The final script extracts URLs from Google News, so it works best where the search query is a current affaird topic.

Following are the different modules inside the ENS folder:

  • bsReadability - This module takes uses BeautifulSoup to extract boilerplate from a given URL

  • lxmlReadability - This module uses the more faster lxml library to extract boilerplate from a given URL, however the library is less robust to badly formed HTML and encoding

  • GoogleRSSReader - This module takes in a search query and returns the scraped URLs from the Google RSS reader. The Google RSS reader is not strict in their scraping policies

  • TextRankSummarize - This module uses a modified PageRank algorithm to mark the most important sentences/phrases in a text. A more graphical and intuitive approach than word-frequency. (NOTE: The parameter defining the number of nodes to be selected for final summary is hardcoded in this script, to play around with it you need to make appropriate changes here)

Requirements

  • lxml
  • networkx
  • numpy
  • sklearn
  • BeautifulSoup
  • nltk (Remember to install the punkt.tokenzier seperately)

Install

git clone https://github.com/abhinavgupta/Extract-News-Summary
cd Extract-News-Summary/
sudo sh install.sh

Use script

There are two versions of the script, one using BeautifulSoup, the other using lxml.
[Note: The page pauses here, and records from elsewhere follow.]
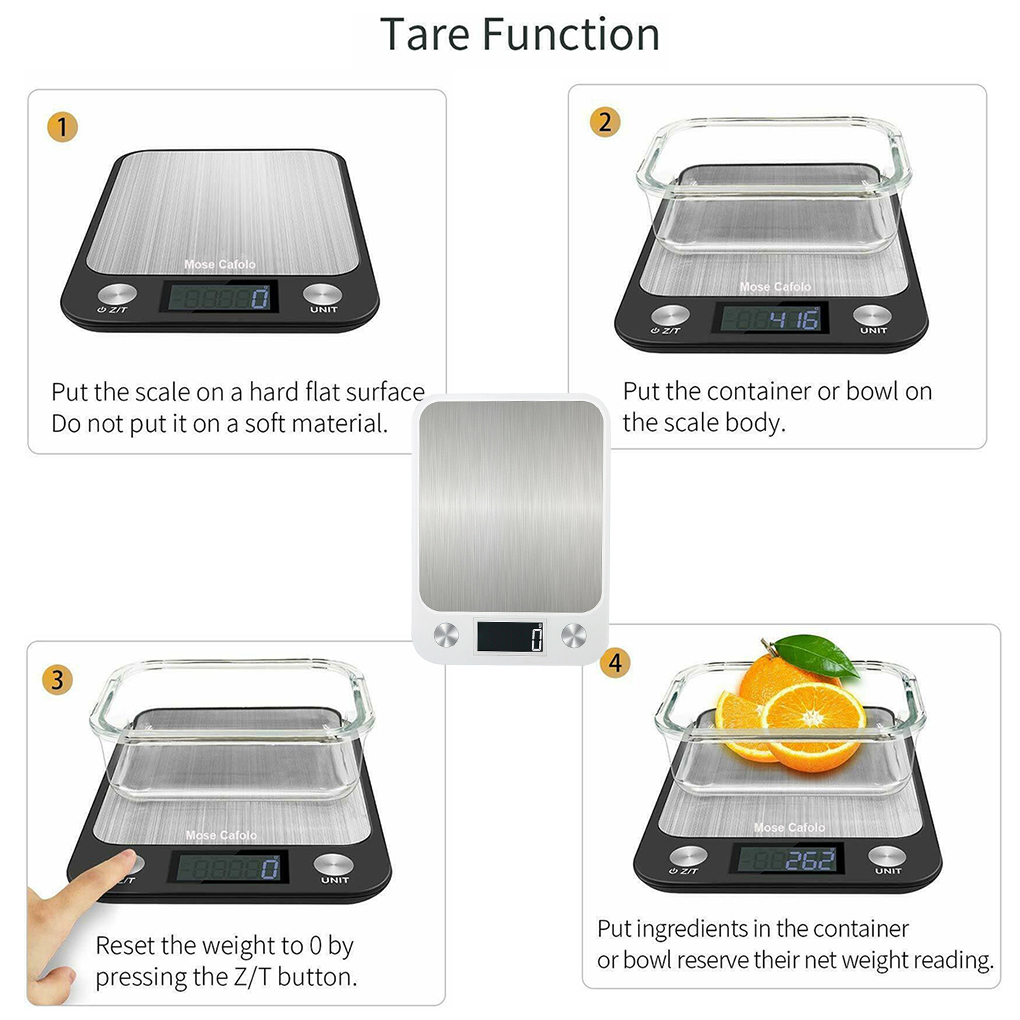 Kitchen Digital Scale 10kg/1g Cooking Baking Scale Waterproof Backlit LCD Screen Weighing Device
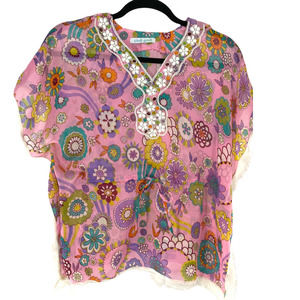 CINDI GINDI PIN FLORAL SHIRT WITH BEADED DETAILS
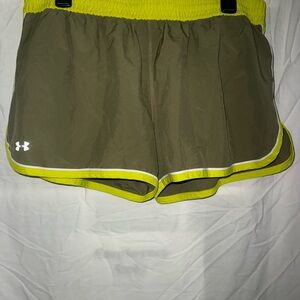 Under Armour Women's Olive and Neon Yellow Athletic Shorts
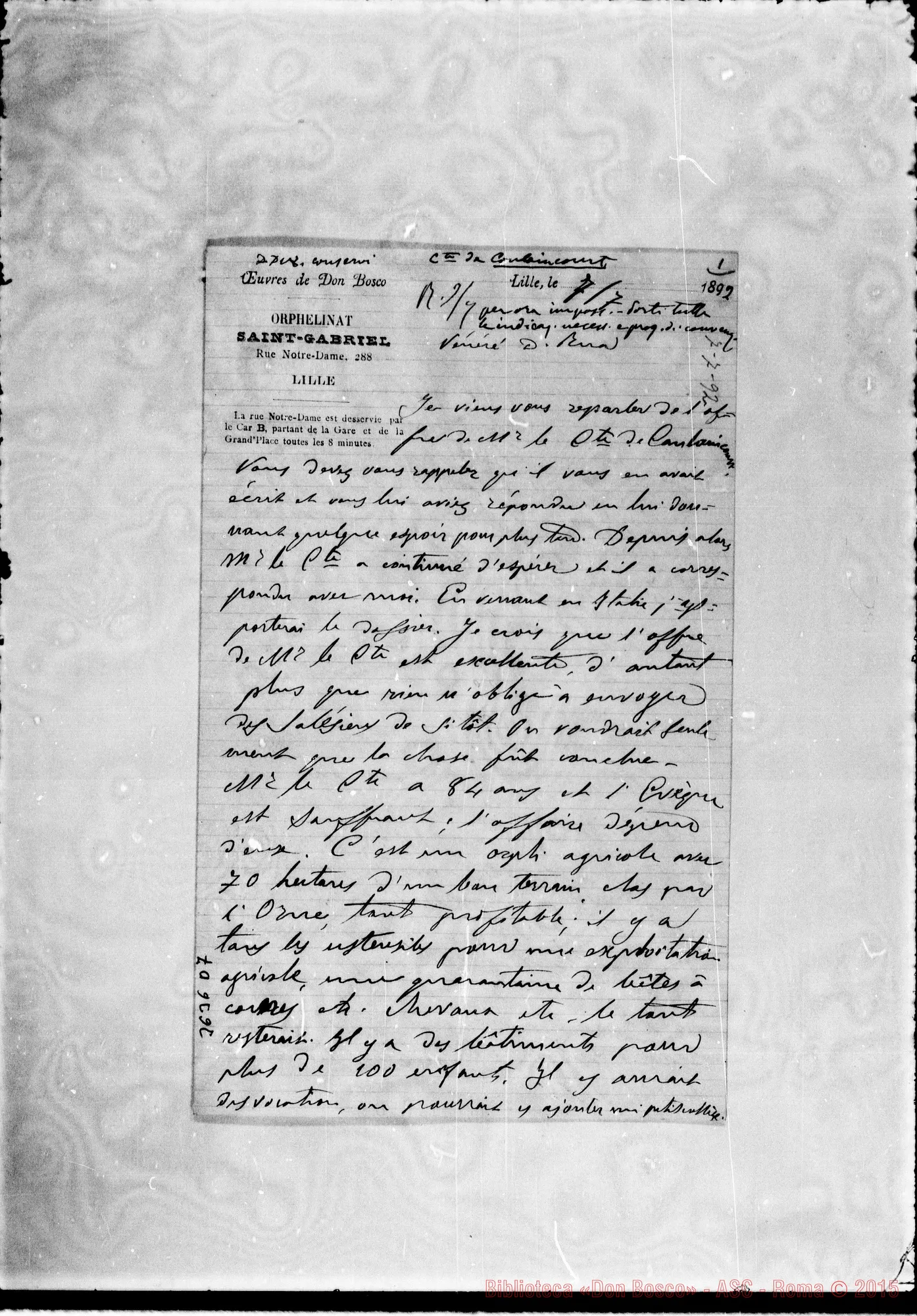 Fotogramma D 7 — Don Bologna-Don Rua. Lille, 7-07-1892. Autogr. Rua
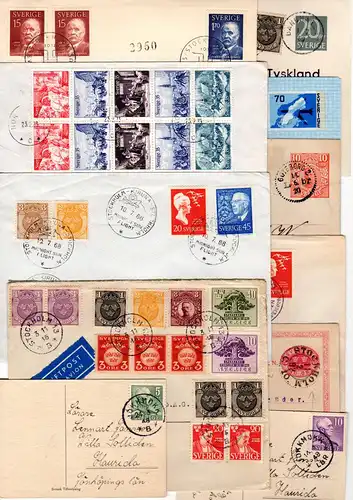 Schweden, kl. Partie v. 11 Briefen, Karten u. Ganzsachen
This is done specifcially for benchmarking purposes give the pros and cons of both parsers.

To use the BeautifulSoup version via terminal:

ENS_Soup 5 Narendra Modi

To use the lxml version:

ENS_lxml 5 Narendra Modi

Example

from ENS import Document, fetch_url, textRank, newsSearch

links = newsSearch("RBI Governor", 5)
for link in links:
    article = Document(url=link).summary()
    article = re.sub(regex, "", article)
    article = article.encode('ascii','ignore')
    summary = textRank(article)
    summary = summary.encode('ascii','ignore')

    print article
    print "*** SUMMARY ***"
    print summary

Authors

  • Abhinav Gupta

TODO

  • Remove networkx and sklearn dependencies
  • Add own tokenizer and remove nltk dependency
  • Solve encoding issue
  • Benchmark the summary
  • Improve text extraction